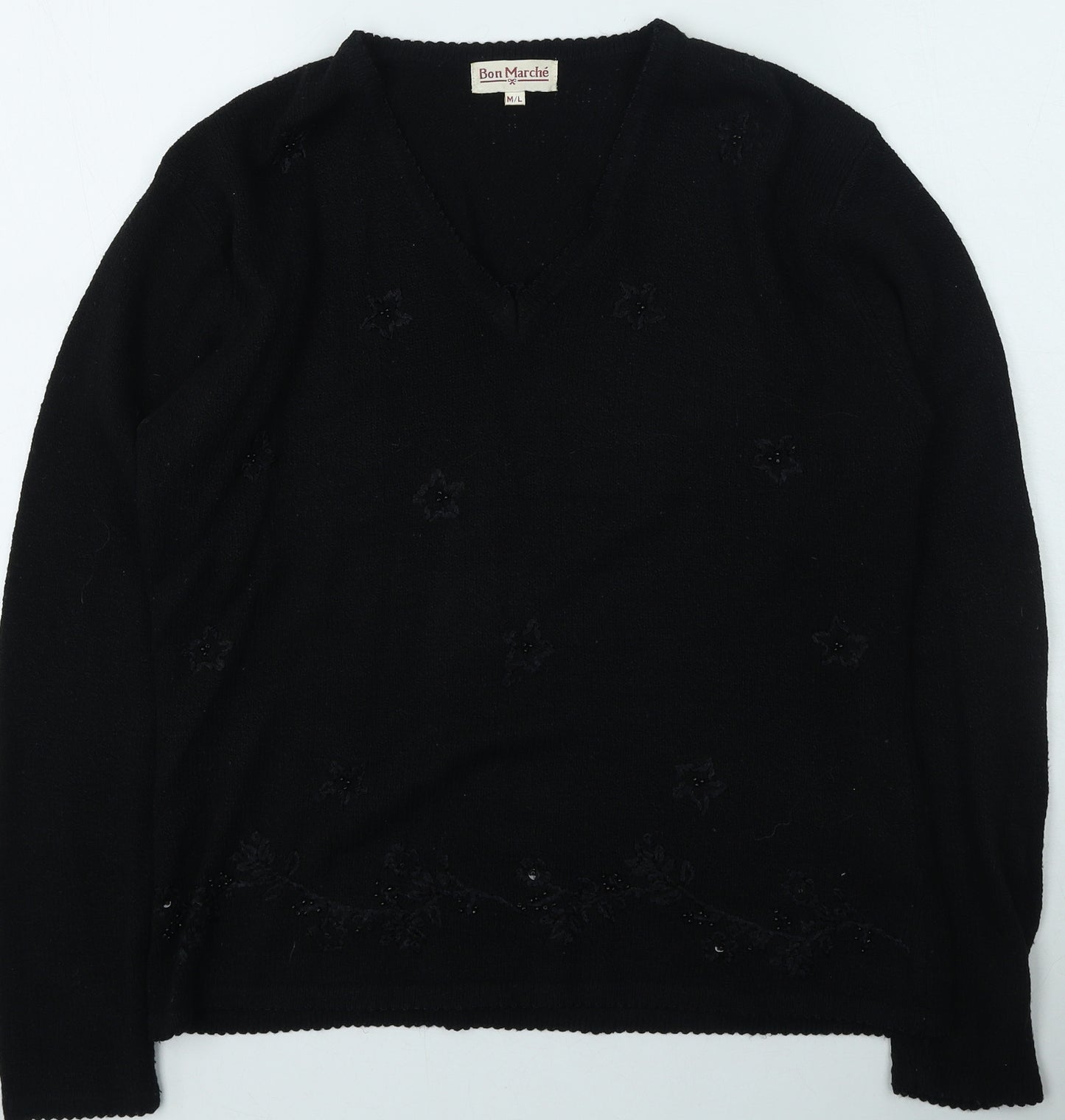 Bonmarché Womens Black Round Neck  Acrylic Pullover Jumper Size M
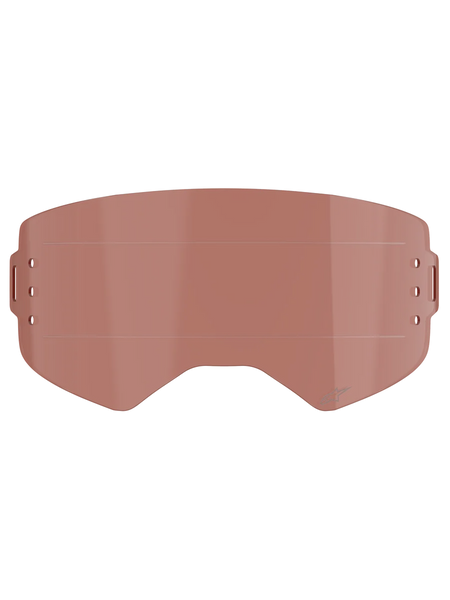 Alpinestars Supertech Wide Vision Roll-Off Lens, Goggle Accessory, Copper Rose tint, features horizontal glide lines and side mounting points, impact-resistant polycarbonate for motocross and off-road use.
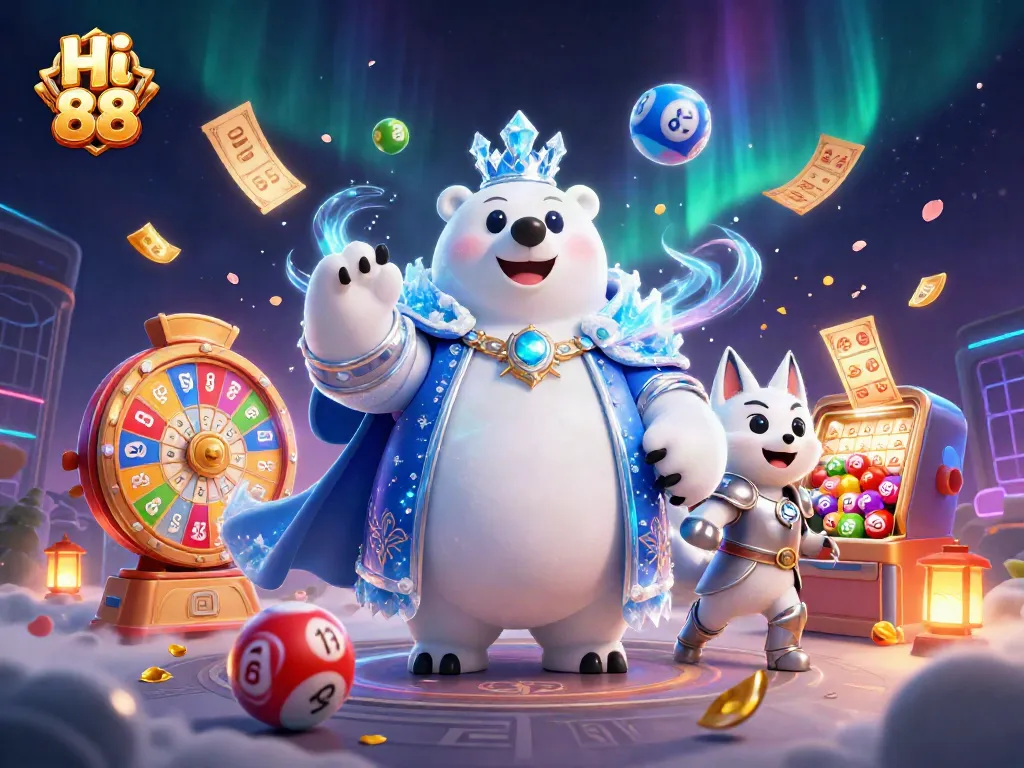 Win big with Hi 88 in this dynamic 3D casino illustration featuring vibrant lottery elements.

> **Exercise requirements**: All that is required is an exact reproduction of the lines from the one containing "Alpinestars Supertech Wide" to the final line of the listing above, pictures omitted.

> **Response box**:
 Alpinestars Supertech Wide Vision Roll-Off Lens, Goggle Accessory, Copper Rose tint, features horizontal glide lines and side mounting points, impact-resistant polycarbonate for motocross and off-road use.
 Win big with Hi 88 in this dynamic 3D casino illustration featuring vibrant lottery elements.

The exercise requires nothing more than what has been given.